Performance boost for queries: Leveraging the power of optimized Presto on Qubole – a high-performance, distributed SQL query engine – Tableau users can query multiple big data sources in industry-leading response times, without changing their typical workflow.


Abstraction from administrative complexity: Qubole manages cloud infrastructure automatically based on workloads, eliminating the need for manual administration or rebalancing of compute clusters with changing BI needs.

Financial governance: With Qubole’s native workload-aware autoscaling and intelligent cluster management capabilities, Tableau customers avoid data processing cost overruns with guaranteed compute resources for their queries at all times.

Combining Tableau’s reliability and scalability with Qubole’s performance and auto-scaling for analytics and machine learning, enables faster, simpler petabyte-level querying of big data, he added. 


The release of Qubole’s Tableau Connector also reflects the growing adoption and popularity of Qubole from the Tableau community. As Thusoo put it: “This only happened with the pull from the market. Tableau let customers submit requests and Qubole was right up there among the top requests.” 


Qubole Cost Explorer Lets Admins Track Costs, ROI of Analytic Workload

Qubole also released its Qubole Cost Explorer, which delivers real-time reports and insights on job, cluster and user-level costs. The goal is to offer execs and teams granular insight into their spending on a minute-by-minute basis, Thusoo said. 

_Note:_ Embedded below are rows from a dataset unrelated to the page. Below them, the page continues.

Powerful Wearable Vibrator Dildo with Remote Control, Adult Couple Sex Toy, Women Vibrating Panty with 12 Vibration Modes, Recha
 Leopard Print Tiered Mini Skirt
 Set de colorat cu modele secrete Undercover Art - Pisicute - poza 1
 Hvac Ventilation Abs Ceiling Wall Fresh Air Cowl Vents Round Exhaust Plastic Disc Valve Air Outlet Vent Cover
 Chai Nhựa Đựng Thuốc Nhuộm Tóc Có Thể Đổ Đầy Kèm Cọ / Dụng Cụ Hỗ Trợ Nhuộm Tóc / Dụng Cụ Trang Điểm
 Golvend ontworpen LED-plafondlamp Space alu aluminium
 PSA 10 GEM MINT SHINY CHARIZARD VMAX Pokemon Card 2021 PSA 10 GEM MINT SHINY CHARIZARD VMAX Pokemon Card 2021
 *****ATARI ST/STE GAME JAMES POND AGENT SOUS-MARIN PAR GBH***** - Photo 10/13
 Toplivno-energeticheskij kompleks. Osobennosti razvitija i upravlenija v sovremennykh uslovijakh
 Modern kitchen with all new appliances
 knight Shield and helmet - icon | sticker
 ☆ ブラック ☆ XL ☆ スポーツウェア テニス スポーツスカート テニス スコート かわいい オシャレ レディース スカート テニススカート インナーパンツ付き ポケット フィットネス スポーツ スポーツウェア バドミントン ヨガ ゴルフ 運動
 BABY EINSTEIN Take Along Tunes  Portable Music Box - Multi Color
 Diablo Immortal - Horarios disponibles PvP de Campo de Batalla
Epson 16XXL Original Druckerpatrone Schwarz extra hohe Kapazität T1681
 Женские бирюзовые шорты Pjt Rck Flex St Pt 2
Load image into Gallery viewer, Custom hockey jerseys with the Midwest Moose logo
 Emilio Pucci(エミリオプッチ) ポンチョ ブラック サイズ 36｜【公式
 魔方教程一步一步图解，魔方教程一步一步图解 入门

“We heard loud and clear from clients; they want a better way to justify costs. The client will say, ‘We run workloads and then I get hit with a bill. But I don’t know what the ROI from all that is,” he said.  “With Qubole Cost Explorer, we now enable the admins to understand -- at a very fine-grained, workload level how much cost that workload incurs. And they can see if there is enough ROI from that data lake task.”


Cost can be a real issue for enterprises, Thusoo told IDN.


“As soon as the data lake is productionized, there can be 1000s of people on the data lake. So, with that kind of scale you need some governance model where you can inspect that all the [expense from] compute is being justified,” he told IDN
Qubole’s new cost-tracking capability is not meant to stifle experimenting with new data models, Thusoo said. It’s simply a way to let admins track whether the model is panning out once it moves to production. 


"The bulk of compute expense goes into the production, and a small percentage into exploration. So it’s always best to optimize what expense is in production. 


"Once you create your new model and you spin it into production, after a month or two months, you want to figure out if that model may or may not be paying off. In this stage, you may find all these computations you’re running [to execute the model with real data] in production are actually costing me much more than what it is bringing in terms of ROI," he told IDN. 


When combined with Qubole’s workload-aware autoscaling, which automatically upscales, downscales and rebalances clusters depending on the amount of compute power a customer is using at a given time, Cost Explorer helps customers significantly decrease cloud costs.


Qubole also announced support for multiple open source engines (Hive, Spark and Presto) for Apache Ranger, a popular framework for data security. This support provides granular data access controls based on user privileges, all within the Qubole data platform.


These updates are available to all Qubole customers today. 


Qubole’s Tableau Connector is available through Tableau Desktop and Server.